Source: 2012 and 2011 Small and Medium Business Routes to Market Study, SMB Group

Meanwhile, as more SMBs come to view technology as key enabler to create market advantage, level the playing field against bigger companies, and adapt to new business and market requirements, the percentage of SMBs that are planning to increase IT spending is growing, as shown in trending analysis of 2011 and 2012 SMB Routes to Market Studies (Figure 1).

However, access to capital remains tight, and many SMBs find it challenging to get the capital required for the technology investments they need to grow their businesses.A July 2012 survey by the National Small Business Association (NSBA) found that 43 percent that needed funds for their businesses over the past four years were unable to find a lender. As important, 53 percent said they’d been unable to grow their business or expand operations due to a lack of capital—and almost one-third had to lay off workers.

A Virtuous Cycle for IBM, SMBs and MSPs

IBM isn’t a charity or governmental agency. As a for-profit organization, one of IBM’s key goals for the program is to fuel sales of IBM products, including PureSystems, which offers a new, integrated platform to tune hardware and software resources for data intensive workloads, and gain more flexibility to configure applications for either an on-premise or hosted environments, and a multitude of infrastructure, cloud, mobile and business intelligence solutions. If past success is an indicator of future performance, IBM will certainly achieve this goal with its new round of financing.

Furthermore, this fresh pool of financing should helps MSPs to build scalable infrastructure and hosting environments, and provide more innovative and differentiated offerings to SMB customers. As I discussed in MSP Cloud Challenges in the Midmarket–and How IBM Helps Meet Them, top MSP challenges are to: procure and deploy the resources they need to scale and grow; stay ahead of the technology curve, and to provide the end-to-end services their customers want.  Since IBM financing will cover both IBM and non-IBM content in one contract, it will make it easier for MSPs to build out a more comprehensive, end-to-end infrastructure.

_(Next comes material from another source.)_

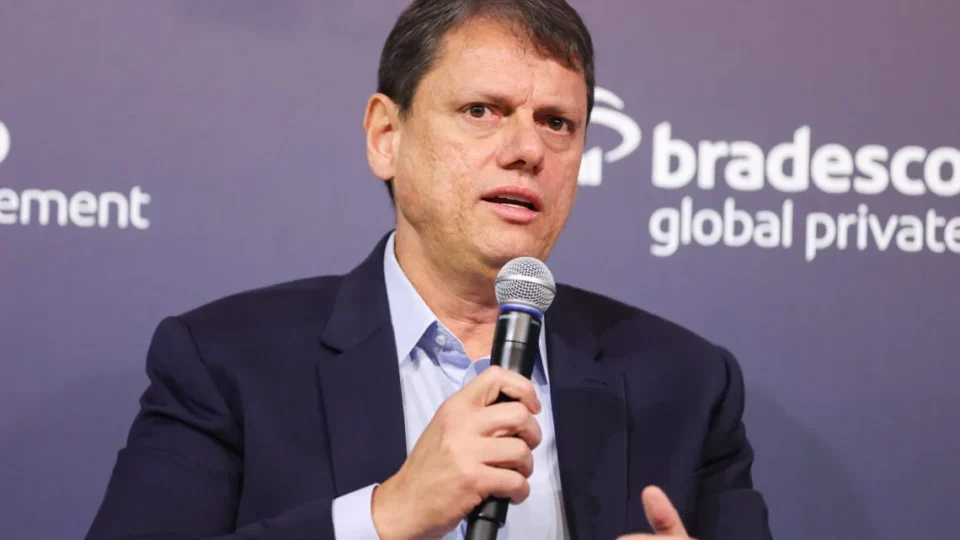 Tarcísio diz que vai apoiar Flávio e acaba com rachadinha na direita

The result? IBM can attract new MSP and other partners, and get them outfitted with the solutions they need more quickly. The net-net is that MSPs and other IBM business partners will be able to speed up and scale their ability provide new solutions that SMBs need for business growth and agility, and help SMBs finance this investment.

Finally, IBM isn’t just throwing money (albeit a large amount) at the situation. The new round of financing is additive to several new global initiatives for MSPs, which IBM launched in September. IBM has put together an integrated program that provides the money, expertise and solutions that both MSPs and their Progressive SMB customers require.

This is the fifth and final post in a five-part blog series by SMB Group that examines the evolution of midmarket business technology solutions and IBM’s Managed Service Provider Channel programs.